→ **Task brief**:
Copy the lines below verbatim, beginning with the line that includes "18 Bluebell Place, Brookwater QLD 4300" and continuing to the end; leave out everything before it.

→ **Information shown**:
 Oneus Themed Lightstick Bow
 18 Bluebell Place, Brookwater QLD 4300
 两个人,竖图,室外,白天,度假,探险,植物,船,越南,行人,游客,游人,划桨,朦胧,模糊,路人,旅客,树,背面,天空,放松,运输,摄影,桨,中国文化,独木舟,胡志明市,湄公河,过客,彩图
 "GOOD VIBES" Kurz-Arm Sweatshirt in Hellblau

→ **Answer below**:
 18 Bluebell Place, Brookwater QLD 4300
 两个人,竖图,室外,白天,度假,探险,植物,船,越南,行人,游客,游人,划桨,朦胧,模糊,路人,旅客,树,背面,天空,放松,运输,摄影,桨,中国文化,独木舟,胡志明市,湄公河,过客,彩图
 "GOOD VIBES" Kurz-Arm Sweatshirt in Hellblau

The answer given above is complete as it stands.